## TASK DETAILS
Wherever a picture appears in the listing below, leave it out and reproduce the rest exactly.

## DATA SHOWN
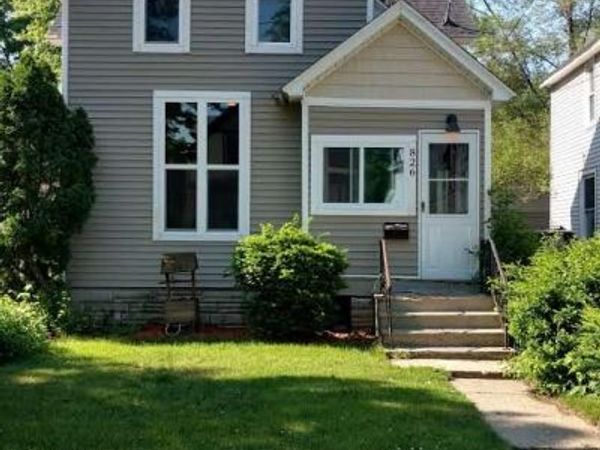826 Arianna Street NW, Grand Rapids, MI 49504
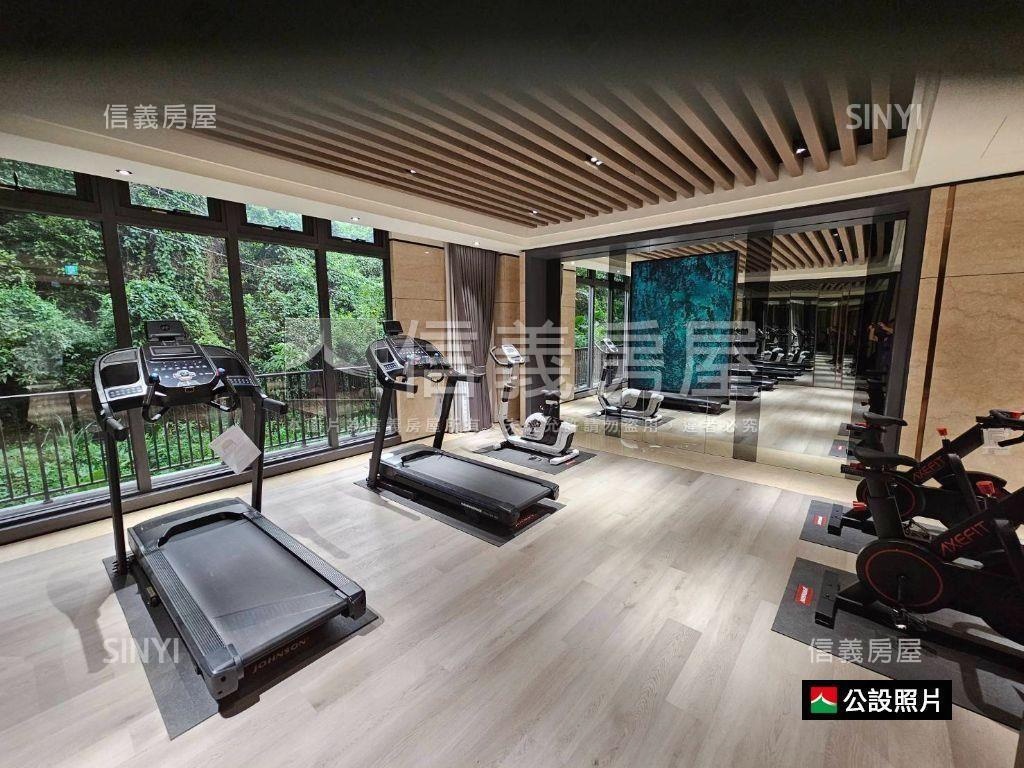 鵬程豐翠美妝兩房車位房屋室內格局與周邊環境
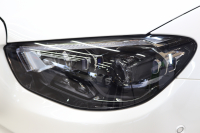 メルセデスベンツ Eクラス E220d ｽﾃｰｼｮﾝﾜｺﾞﾝ ｽﾎﾟｰﾂ AMGﾗｲﾝｲﾝﾃﾘｱ&ﾚｰﾀﾞｰｾｰﾌﾃｨPKG　ISG搭載 後期 MEｺﾈｸﾄ ｷｰﾚｽｺﾞｰ 黒本革 MBUXﾅﾋﾞTV&ARﾅﾋﾞ ｽﾏﾎ連携 360ｶﾒﾗ PTS LEDﾗｲﾄ 自動Rｹﾞｰﾄ ﾊﾝｽﾞﾌﾘｰA AMGｴｱﾛ&19AW ﾜｲﾔﾚｽ充電 9AT　2年保証 新車保証継承可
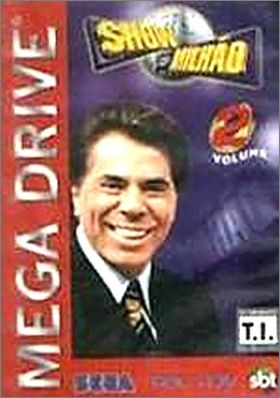 Show do Milhao Volume 2 (II)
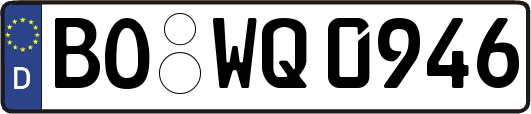 BO-WQ0946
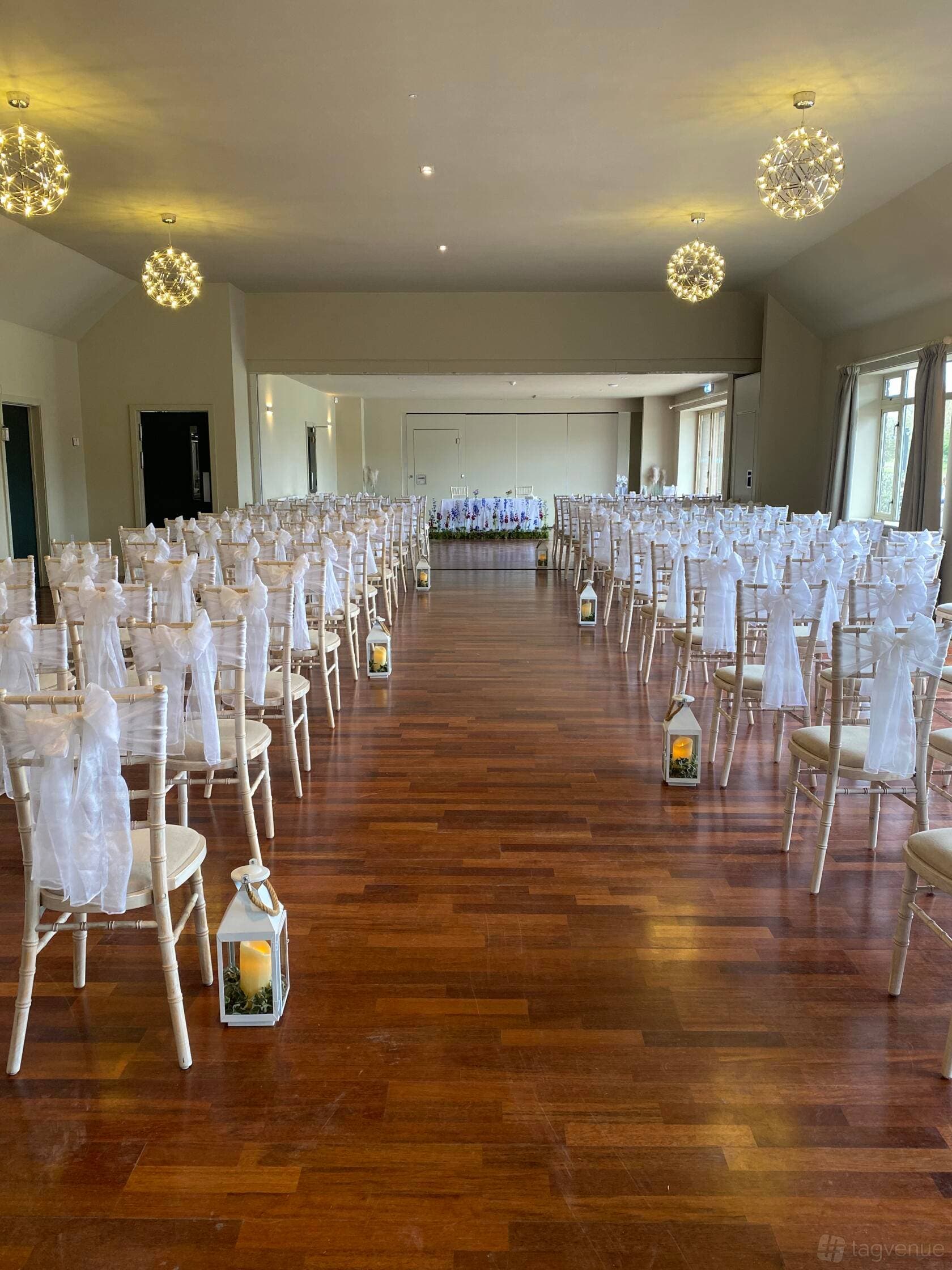 The Club at Mill Green 16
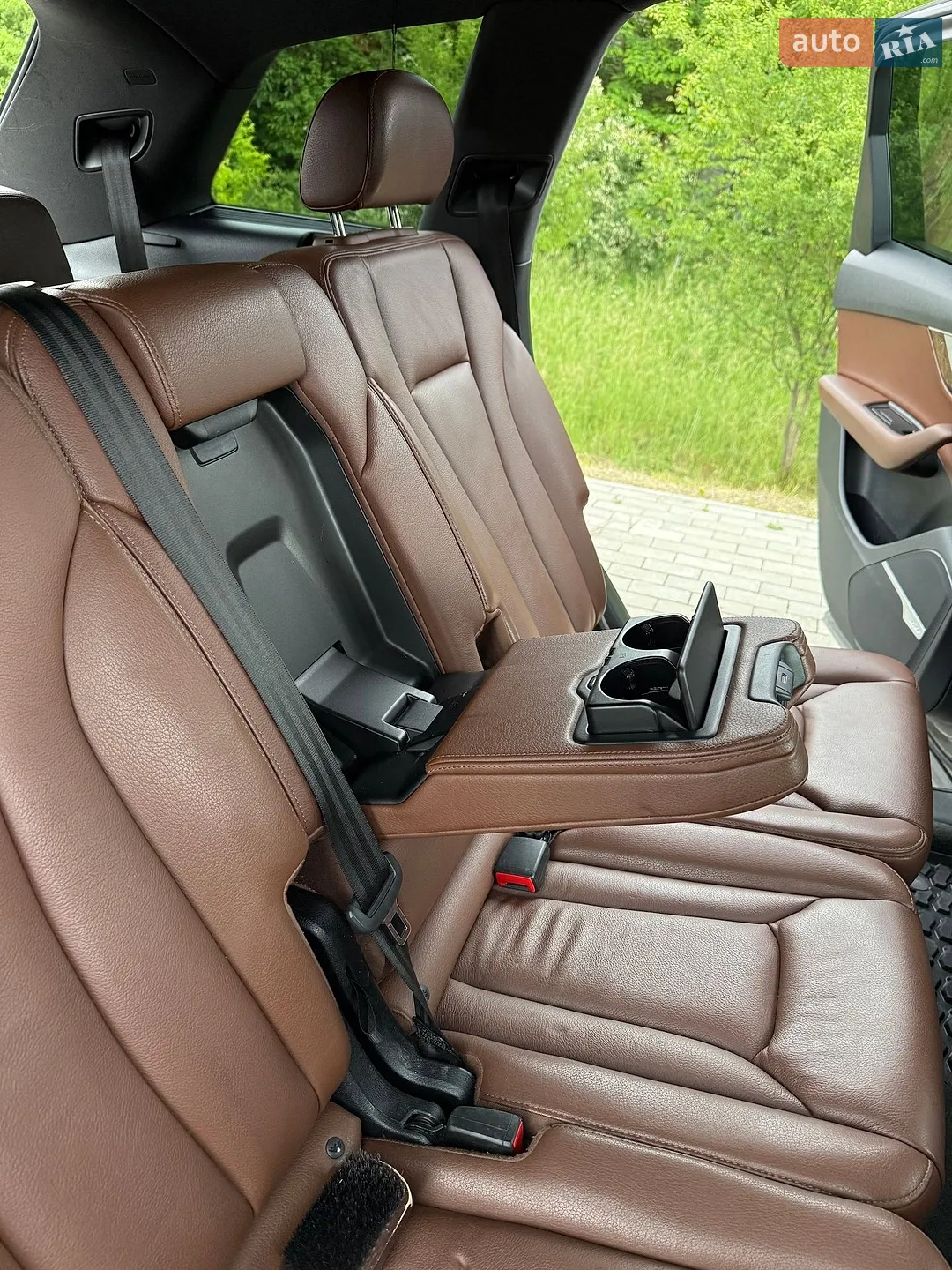 2018 Audi Q7 - мініатюра 25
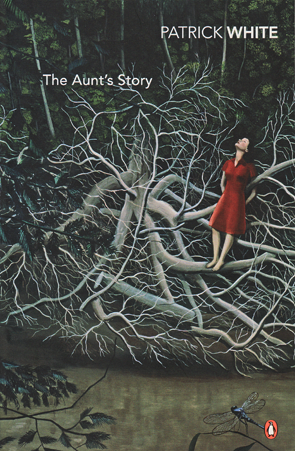 The Aunt's Story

## SOLUTION TO THE PROBLEM
826 Arianna Street NW, Grand Rapids, MI 49504
 鵬程豐翠美妝兩房車位房屋室內格局與周邊環境
 メルセデスベンツ Eクラス E220d ｽﾃｰｼｮﾝﾜｺﾞﾝ ｽﾎﾟｰﾂ AMGﾗｲﾝｲﾝﾃﾘｱ&ﾚｰﾀﾞｰｾｰﾌﾃｨPKG　ISG搭載 後期 MEｺﾈｸﾄ ｷｰﾚｽｺﾞｰ 黒本革 MBUXﾅﾋﾞTV&ARﾅﾋﾞ ｽﾏﾎ連携 360ｶﾒﾗ PTS LEDﾗｲﾄ 自動Rｹﾞｰﾄ ﾊﾝｽﾞﾌﾘｰA AMGｴｱﾛ&19AW ﾜｲﾔﾚｽ充電 9AT　2年保証 新車保証継承可
 Show do Milhao Volume 2 (II)
 BO-WQ0946
 The Club at Mill Green 16
 2018 Audi Q7 - мініатюра 25
 The Aunt's Story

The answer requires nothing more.